# Desert turtle



## ALLIGATORMEX (Aug 28, 2003)

this is a desert turtle from the north part of mexico they come from the desert of sonora and thosespecies are very protected by the mexican laws anyway i got a pair for 600mexican pesos around 60 usd 
heres a pic of one of em


----------



## lemmywinks (Jan 25, 2004)

nice


----------



## ALLIGATORMEX (Aug 28, 2003)

thanx


----------



## Lonald (Jan 10, 2004)

looks sleepy lol


----------



## ALLIGATORMEX (Aug 28, 2003)

lol this girl its very active


----------



## acestro (Jul 7, 2003)

> very protected by the mexican laws anyway i got a pair


Sounds like they're about as good at enforcing wildlife laws as Louisiana!


----------



## ALLIGATORMEX (Aug 28, 2003)

hehe ... what im happy that when a animal arrives my home i treat em like if it waS a people i love my animals and i give them the best and try always to take good care of em


----------



## piranha45 (Apr 8, 2003)

lovely tortoise!


----------



## Atlanta Braves Baby! (Mar 12, 2003)

I like the coloration on the shell. What type of enclosure do you have him in currently?


----------



## killfishygo (Jan 13, 2004)

Nice tortoise, looks like my Sulcata but with a darker shell


----------



## ALLIGATORMEX (Aug 28, 2003)

Atlanta Braves Baby! said:


> I like the coloration on the shell. What type of enclosure do you have him in currently?


 in a 30 gallons tank ....


----------



## StuartDanger (Aug 7, 2003)

30g is small isnt, build him a pen or sumthing.
nice tort neway


----------



## ALLIGATORMEX (Aug 28, 2003)

30 us gallons for each turtle.. they are 15 cm's the biggest one and 10 cm's the other turtle for now they got plenty of room when they start growing i will be giving them new homes


----------



## aaron07_20 (Apr 23, 2004)

Nice tort, tortoises are very fun to keep, they have more personality then box turtles and they look a lot nicer, mostly because they don't have eyelids and there eyes are all one color.
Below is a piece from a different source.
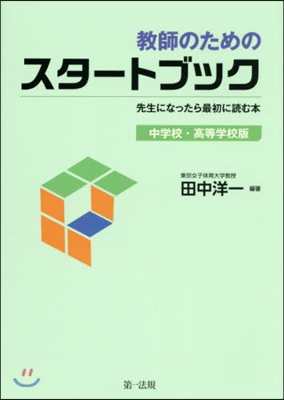 敎師のためのスタ-トブック 中學校.高等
Is this torotise a male or female? You probably know this but if the plastron is curved then its a male, flat then its female.

Edit: Nevemrind I just noticed how you said "this girl"


----------



## ALLIGATORMEX (Aug 28, 2003)

you are right they re flat both are females....... i didnt wanted any males lol


----------



## aaron07_20 (Apr 23, 2004)

Yeah its pretty gross to have males..they are constantly humping the females..


----------



## ALLIGATORMEX (Aug 28, 2003)

yeah plus the males are darker


----------



## aaron07_20 (Apr 23, 2004)

Damn you! Everytime I look back at this thread I get more and more mad that I lost my greek tortoises...( I hide to keep them in the garage because there was a severe t-storm, kept them in a conta9iner with no lid, dad left grage open, bye ye) now I think I might just go to the pet store and buy another. They are so fun to keep....even more fun then fish..you can take them anywhere...like vacation..on the beach..


----------



## ALLIGATORMEX (Aug 28, 2003)

you are right i like turtles alot this one is very intlligent and lovs to eat and walk

you better get ya a new one nice pets and they live last long


----------



## aaron07_20 (Apr 23, 2004)

Yeah Im getting a lot of money early july, helping out with sumthin..so I will have plenty of money to buy anew torotise..I already have a nice outdoor pen for the summer, and a large wide hamper typed thing for the winter..


----------



## ALLIGATORMEX (Aug 28, 2003)

good post piucs when you got it


----------



## aaron07_20 (Apr 23, 2004)

I think all my lfs sells is female russian tortoises..Im not that crazy about them..I might just have to wait because my other lfs gets greek tortoises in july..but they are overpriced..like 110$ for one 5 inch tortoise...the russians at petsmart are 75$ each...I bought a russian pair a while ago..got a great deal..I told the manager that someone on the phone told me they were 50..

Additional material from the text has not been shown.